How important are the genes to explain the outcome - the asymmetric Shapley value as an honest importance metric for high-dimensional features
This work provides a more robust method for clinicians and researchers to understand the true importance of genomic features in predicting patient outcomes, especially in complex clinical settings where traditional methods fall short.
This paper addresses the problem of quantifying feature importance for high-dimensional genomic data in clinical prediction, where traditional methods struggle with collinearity and known directional dependencies. The authors propose using asymmetric Shapley values to honestly quantify feature importance, particularly when disease state mediates genomic effects and confounders are present.

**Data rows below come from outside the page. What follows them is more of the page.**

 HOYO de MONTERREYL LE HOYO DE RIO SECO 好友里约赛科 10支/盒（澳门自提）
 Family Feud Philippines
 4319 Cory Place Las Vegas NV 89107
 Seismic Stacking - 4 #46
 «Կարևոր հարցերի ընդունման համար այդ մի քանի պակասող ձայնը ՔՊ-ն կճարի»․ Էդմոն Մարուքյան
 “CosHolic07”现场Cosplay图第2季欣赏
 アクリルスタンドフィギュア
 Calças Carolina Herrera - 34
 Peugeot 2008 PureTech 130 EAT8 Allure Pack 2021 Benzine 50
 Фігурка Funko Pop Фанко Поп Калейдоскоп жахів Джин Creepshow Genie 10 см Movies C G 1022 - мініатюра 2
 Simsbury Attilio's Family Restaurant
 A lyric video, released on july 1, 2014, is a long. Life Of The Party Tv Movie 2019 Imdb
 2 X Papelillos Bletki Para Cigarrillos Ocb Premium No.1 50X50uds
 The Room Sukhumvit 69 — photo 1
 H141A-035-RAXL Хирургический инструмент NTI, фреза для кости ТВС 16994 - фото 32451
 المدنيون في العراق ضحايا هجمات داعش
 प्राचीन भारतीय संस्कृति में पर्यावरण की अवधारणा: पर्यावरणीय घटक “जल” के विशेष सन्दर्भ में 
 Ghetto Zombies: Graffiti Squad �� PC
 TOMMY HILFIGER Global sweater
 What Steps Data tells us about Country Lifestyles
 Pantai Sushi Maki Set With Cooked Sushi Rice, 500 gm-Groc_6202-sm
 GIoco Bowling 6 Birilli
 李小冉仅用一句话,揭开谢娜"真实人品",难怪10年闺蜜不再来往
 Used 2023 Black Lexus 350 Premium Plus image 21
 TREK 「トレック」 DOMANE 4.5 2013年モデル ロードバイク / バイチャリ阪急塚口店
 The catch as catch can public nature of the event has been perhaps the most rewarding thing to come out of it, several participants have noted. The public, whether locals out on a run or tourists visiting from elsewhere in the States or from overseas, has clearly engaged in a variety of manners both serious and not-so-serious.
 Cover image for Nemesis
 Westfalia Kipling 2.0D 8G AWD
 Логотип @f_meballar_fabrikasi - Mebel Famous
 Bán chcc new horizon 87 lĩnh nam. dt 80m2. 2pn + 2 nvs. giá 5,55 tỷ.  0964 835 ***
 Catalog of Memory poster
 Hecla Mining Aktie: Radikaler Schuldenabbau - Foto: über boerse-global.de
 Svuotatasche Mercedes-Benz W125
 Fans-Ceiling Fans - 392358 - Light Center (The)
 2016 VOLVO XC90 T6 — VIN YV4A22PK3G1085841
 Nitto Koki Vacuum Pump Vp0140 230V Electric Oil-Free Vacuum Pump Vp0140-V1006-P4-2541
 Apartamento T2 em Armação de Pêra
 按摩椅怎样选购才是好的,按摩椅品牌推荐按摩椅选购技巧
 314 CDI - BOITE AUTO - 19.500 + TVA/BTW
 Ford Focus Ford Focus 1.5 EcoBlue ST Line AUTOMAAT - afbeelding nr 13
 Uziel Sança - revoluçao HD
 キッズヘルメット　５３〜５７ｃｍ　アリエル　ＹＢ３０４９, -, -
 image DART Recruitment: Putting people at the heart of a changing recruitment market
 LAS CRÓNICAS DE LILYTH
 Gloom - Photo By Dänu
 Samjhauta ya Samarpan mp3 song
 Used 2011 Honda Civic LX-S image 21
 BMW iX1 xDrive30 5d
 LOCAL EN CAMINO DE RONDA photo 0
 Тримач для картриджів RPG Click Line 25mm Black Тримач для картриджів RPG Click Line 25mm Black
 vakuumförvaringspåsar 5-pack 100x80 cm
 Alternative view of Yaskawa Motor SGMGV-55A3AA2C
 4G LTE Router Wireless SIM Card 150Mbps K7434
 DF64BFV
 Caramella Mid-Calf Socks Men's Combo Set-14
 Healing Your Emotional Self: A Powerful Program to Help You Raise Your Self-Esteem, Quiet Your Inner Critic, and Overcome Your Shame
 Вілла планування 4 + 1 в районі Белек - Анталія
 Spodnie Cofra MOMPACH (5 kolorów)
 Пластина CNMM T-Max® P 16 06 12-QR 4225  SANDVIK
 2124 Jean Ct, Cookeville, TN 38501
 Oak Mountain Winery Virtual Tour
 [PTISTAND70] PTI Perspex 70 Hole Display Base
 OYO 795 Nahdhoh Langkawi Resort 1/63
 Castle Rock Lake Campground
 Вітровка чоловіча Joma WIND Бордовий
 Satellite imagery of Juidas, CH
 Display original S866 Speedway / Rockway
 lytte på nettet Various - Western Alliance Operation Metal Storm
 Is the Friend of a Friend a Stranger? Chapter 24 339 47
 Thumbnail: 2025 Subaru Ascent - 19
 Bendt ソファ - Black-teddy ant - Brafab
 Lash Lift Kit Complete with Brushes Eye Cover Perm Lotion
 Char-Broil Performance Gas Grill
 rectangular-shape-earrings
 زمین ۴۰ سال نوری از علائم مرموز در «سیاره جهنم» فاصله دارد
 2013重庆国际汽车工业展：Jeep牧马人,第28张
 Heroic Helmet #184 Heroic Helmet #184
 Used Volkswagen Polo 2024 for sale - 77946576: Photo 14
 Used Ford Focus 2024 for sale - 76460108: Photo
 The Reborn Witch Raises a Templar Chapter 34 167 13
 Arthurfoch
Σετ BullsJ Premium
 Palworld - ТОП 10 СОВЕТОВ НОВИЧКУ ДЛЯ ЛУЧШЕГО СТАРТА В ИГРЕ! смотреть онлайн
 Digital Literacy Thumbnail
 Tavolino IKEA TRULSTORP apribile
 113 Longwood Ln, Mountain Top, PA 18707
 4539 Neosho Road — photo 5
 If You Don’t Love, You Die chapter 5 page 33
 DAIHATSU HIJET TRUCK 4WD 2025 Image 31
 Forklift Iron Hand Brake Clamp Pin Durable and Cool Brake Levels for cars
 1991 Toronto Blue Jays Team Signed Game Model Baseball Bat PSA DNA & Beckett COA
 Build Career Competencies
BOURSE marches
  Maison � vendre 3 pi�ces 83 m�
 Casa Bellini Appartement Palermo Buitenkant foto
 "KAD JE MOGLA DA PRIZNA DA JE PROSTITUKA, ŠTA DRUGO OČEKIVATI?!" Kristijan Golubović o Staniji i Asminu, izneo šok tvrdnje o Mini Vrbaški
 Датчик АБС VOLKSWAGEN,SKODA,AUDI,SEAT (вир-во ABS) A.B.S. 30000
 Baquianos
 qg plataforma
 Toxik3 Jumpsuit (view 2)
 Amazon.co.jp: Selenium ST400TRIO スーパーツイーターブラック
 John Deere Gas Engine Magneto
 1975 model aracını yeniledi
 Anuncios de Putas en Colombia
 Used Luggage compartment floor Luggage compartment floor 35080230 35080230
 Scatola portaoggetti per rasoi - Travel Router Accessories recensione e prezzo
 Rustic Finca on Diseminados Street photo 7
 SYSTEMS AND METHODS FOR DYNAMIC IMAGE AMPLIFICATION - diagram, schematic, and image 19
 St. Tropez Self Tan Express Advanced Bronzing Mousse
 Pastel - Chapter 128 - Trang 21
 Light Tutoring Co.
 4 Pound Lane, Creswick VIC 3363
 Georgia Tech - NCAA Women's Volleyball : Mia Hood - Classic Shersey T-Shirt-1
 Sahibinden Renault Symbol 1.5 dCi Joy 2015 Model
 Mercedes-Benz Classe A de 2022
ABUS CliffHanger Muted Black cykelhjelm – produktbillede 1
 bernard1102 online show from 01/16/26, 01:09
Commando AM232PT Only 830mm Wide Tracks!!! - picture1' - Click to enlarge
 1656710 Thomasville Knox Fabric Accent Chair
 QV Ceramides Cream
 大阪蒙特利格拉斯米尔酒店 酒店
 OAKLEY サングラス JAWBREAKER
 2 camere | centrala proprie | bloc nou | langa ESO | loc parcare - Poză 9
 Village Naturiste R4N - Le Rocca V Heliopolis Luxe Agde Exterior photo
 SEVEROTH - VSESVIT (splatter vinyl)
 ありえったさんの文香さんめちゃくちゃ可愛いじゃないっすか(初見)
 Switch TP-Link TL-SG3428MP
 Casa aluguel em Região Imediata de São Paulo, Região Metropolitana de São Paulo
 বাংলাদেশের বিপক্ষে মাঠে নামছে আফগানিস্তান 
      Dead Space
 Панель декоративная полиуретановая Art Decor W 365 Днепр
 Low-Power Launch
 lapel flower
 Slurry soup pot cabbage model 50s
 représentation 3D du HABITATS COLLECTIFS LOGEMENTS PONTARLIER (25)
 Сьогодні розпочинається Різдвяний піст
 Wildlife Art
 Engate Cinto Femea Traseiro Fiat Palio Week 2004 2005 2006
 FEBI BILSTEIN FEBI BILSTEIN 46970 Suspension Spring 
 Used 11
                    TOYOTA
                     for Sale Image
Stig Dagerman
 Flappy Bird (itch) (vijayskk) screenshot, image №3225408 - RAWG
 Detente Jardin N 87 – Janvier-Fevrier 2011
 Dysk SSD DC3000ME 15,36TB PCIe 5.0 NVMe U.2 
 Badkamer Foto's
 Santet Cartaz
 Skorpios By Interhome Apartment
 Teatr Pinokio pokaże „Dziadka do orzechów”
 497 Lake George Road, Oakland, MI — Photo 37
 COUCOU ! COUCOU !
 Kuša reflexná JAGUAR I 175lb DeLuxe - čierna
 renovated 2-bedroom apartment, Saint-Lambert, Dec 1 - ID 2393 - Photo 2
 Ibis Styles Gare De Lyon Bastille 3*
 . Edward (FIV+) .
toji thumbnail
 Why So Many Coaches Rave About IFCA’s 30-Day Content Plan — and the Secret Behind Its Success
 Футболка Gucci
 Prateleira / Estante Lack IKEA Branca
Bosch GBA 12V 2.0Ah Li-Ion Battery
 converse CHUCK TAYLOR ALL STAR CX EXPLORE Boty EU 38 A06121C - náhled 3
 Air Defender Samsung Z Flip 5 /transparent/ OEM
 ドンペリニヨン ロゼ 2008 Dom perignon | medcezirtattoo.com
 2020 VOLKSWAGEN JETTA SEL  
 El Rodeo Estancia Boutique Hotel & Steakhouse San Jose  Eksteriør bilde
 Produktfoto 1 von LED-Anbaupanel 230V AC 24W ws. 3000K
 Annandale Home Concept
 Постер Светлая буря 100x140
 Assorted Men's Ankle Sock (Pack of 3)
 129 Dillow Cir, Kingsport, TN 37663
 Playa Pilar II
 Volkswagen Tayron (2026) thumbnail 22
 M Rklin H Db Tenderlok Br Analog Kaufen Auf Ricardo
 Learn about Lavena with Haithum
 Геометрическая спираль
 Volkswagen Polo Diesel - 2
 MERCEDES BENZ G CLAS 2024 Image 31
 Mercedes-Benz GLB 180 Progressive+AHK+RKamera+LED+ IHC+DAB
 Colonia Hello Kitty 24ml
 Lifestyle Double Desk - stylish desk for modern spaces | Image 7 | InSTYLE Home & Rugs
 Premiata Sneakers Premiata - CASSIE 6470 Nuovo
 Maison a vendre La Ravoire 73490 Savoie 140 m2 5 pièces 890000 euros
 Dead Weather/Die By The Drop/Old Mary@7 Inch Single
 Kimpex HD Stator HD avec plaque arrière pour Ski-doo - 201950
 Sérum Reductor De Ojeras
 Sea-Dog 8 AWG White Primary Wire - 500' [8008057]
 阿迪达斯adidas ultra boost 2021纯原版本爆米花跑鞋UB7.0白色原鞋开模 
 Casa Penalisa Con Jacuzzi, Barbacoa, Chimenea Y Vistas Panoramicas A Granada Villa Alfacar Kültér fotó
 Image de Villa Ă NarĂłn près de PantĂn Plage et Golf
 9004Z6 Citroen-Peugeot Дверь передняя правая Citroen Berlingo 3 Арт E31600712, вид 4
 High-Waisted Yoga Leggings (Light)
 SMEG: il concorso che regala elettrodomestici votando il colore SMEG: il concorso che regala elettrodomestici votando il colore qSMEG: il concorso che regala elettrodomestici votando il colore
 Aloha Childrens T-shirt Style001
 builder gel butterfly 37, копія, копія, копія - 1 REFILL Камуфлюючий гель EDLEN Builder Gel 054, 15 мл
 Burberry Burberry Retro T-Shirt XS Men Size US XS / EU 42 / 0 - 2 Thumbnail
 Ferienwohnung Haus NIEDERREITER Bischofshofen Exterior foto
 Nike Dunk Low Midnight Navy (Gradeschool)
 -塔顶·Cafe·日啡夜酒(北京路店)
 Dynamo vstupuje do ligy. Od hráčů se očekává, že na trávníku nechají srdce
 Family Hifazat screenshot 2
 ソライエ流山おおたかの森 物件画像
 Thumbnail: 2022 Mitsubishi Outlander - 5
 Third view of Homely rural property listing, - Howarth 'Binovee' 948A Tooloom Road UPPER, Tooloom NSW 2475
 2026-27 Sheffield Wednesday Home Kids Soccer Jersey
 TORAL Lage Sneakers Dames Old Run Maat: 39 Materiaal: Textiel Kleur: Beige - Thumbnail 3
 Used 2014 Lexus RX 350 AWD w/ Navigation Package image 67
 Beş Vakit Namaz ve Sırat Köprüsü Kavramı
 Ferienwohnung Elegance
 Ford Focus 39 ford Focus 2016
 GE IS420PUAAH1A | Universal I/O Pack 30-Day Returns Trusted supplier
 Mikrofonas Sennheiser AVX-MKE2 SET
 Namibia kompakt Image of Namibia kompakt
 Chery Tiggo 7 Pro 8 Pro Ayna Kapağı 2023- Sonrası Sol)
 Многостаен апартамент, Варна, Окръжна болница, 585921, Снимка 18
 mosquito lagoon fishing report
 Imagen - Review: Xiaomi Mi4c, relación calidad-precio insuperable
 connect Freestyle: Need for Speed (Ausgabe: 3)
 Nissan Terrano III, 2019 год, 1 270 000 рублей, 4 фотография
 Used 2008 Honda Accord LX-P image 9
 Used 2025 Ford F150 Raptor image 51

In clinical prediction settings the importance of a high-dimensional feature like genomics is often assessed by evaluating the change in predictive performance when adding it to a set of traditional clinical variables. This approach is questionable, because it does not account for collinearity nor known directionality of dependencies between variables. We suggest to use asymmetric Shapley values as a more suitable alternative to quantify feature importance in the context of a mixed-dimensional prediction model. We focus on a setting that is particularly relevant in clinical prediction: disease state as a mediating variable for genomic effects, with additional confounders for which the direction of effects may be unknown. We derive efficient algorithms to compute local and global asymmetric Shapley values for this setting. The former are shown to be very useful for inference, whereas the latter provide interpretation by decomposing any predictive performance metric into contributions of the features. Throughout, we illustrate our framework by a leading example: the prediction of progression-free survival for colorectal cancer patients.